Lord of the Mountain
Where Did It Come From?
Where do you get your ideas?
How do you make them into books?
I frequently get these questions, as if writing books were some arcane magic trick. The answer is really pretty simple, though not necessarily easy. Here’s how I did it in my book, Lord of the Mountain.
First I explore history—read books and watch documentaries—in order to pick a historical setting or event that fascinates and compels me.
With Lord of the Mountain, I was given a Christmas present one year by my editor, who knew I loved history and music. It was a wonderful book about the Carter Family called Will You Miss Me When I’m Gone? The Carter Family and Their Legacy in American Music. I tore through it, and by the end I knew I wanted to write a story about them.
Why 13?
Once I’ve picked a historical setting, I imagine what it would have been like to be there if I were 13 years old.
Why 13? I think for a lot of people, 13 is an important age, when you begin to change from a child into an adult. For a lot of us, an event at that time helped shape our lives.
In Lord of the Mountain, the event is a series of recording sessions which in 1927 came to the little town of Bristol, Tennessee, and which some people believe was the birth—the so-called “big bang”—of country music. These sessions were where the Carter Family was first discovered and recorded. And my 13-year-old protagonist, Nate Owens, is a boy who might have lived in Bristol at that time.
The Link Is Music
Now I have an event and a character. The trick is to come up with a story that links the two and plays them off each other.
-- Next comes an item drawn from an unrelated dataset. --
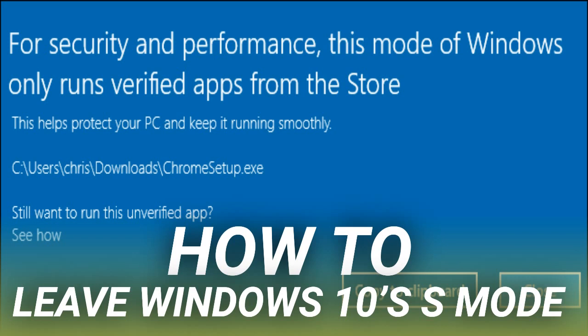But for now, let's be honest: most PC users will want the full version of Windows 10 that isn't in S Mode. Most Windows desktop apps still aren't available in the Store, although some big apps like iTunes and Spotify now are. That's why most PCs don't come in S Mode.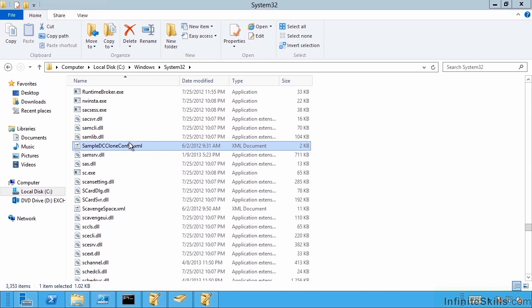It would see it has a new VM generation ID that doesn't match the value in that copy of the database. It would see the cloneconfig file in the cwindowsntds folder and it would run a mini sysprep process. It's not a full sysprep, but it's enough to give it new GUIDs and use the values from that file. And now you have brand new domain controllers stood up.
In Lord of the Mountain, the link is music. For the Carters, music is their lives. For Nate, music is strictly forbidden by his father, an eccentric preacher who believes in old-time religion.
But Nate’s family has a secret, and the secret is wrapped around music. Lord of the Mountain is the story of how Nate stumbles onto this family mystery during the Bristol Sessions, then joins up with the Carter Family and goes off to the hills in search of answers.